Wednesday, May 19, 2010

Middletown school officials unhappy with $2.1 million budget cut

It will be interesting to see what action the school board takes when it votes on the adoption of the new school budget on May 26th. Will they accept the recommendations made by Gerry Scharfenberger and the Township Committee or will they look at other areas in the budget to cut the $2.1M from? Either way the prospects don't sound good for the school system.

From the Asbury Park Press -

MIDDLETOWN — Eliminating vice principal positions would jeopardize safety and the ability to implement state mandates, Schools Superintendent Karen Bilbao said she told township officials recently as they discussed prospective cuts to the district's tax levy.

The Township Committee recommended eliminating two vice principal positions as part of its order Monday to cut nearly $2.1 million from a proposed $123.8 million tax levy that voters rejected last month.

Other recommended cuts are the jobs of one of the district's two assistant business administrators, a night foreman and a public relations official.

The committee voted 4-0 Monday night to order the tax levy cut. Township Committeewoman Pamela Brightbill was absent.

Under the reduction, school property taxes would increase by 1.7 percent instead of 3.9 percent, Township Administrator Anthony Mercantante said. The school tax rate would increase by 2.3 cents instead of 4.2 cents per $100 of assessed value, he said.

"This is really going to impact the quality of education in the district," Board of Education Vice President Dan Skelton said Tuesday. "I don't know how we are going to continue."

The final cuts contained several suggestions made by the district, Bilbao said, including an $803,878 adjustment to the health insurance plan appropriation, a savings of $465,829 by refinancing a bond and a $150,000 reduction in nursing services costs.

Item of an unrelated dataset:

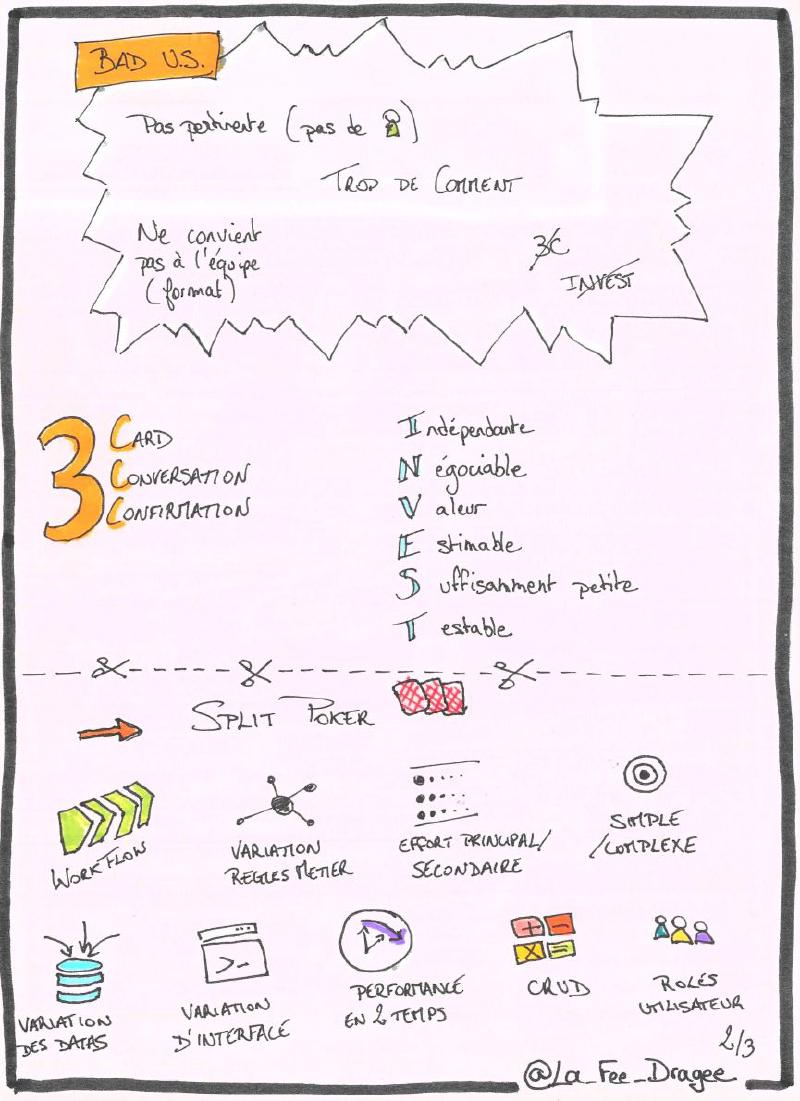Bien découper ses user stories 2 sur 3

But the suggested administrative salary cuts — a vice principal from each high school at a savings of $130,000 annually each, a $126,000-a-year director position and a $91,000-a-year assistant business administrator position — came as a surprise to her, Bilbao said.

High School North has six assistant principals and a principal while High School South has five assistant principals and a principal. During the 2007-08 school year, High School North had 1,651 students while High School South had 1,451 students, according to the National Center for Education Statistics website.

Appeal not likely

The board will meet in a special closed session later this week to discuss the additional cuts, said Bilbao, who anticipates a vote on the final budget during a May 26 meeting.

Barring a successful appeal to the Monmouth County schools superintendent, the school board must cut the amount the governing body ordered, but does not have to follow the committee's recommendations on how to do so.

Skelton does not anticipate the district will attempt to appeal.

"I don't know if this is the type of political climate where you can appeal," Skelton said.

The committee initially was set to cut about $1.6 million, but decided to continue chopping after it received hundreds of e-mails from residents upset about their taxes, Mayor Gerard P. Scharfenberger said.

"There are going to be a lot of people complaining that we did not cut enough," Scharfenberger said.


Anonymous said...

I am so tired of all of these things about the teachers. all they do is get get get.

The Superintendent of schools make more than the governer of the state of NJ. thta is crazy. the high schools have more than two assistant princapals, that is nuts!!! how much work can each one possibly do all day. and the taxpayers have to deal with this. i am glad that Scharfenberger is putting his foot down and standing by the taxpayers. THANK YOU SCHARFENBERGER AND GOP!!!!!

Anonymous said...

Unfortunately, that is a common point of view. “There are too many administrators”, that is the new mantra being repeated by the citizens of Middletown. I hear it everywhere, from all types of people with one exception. People who actually know what administrators do, how important they are to the education of our children and how hard they work. I’ll be kind and just say that the people who think that there are too many administrators in Middletown are either ill informed or uniformed.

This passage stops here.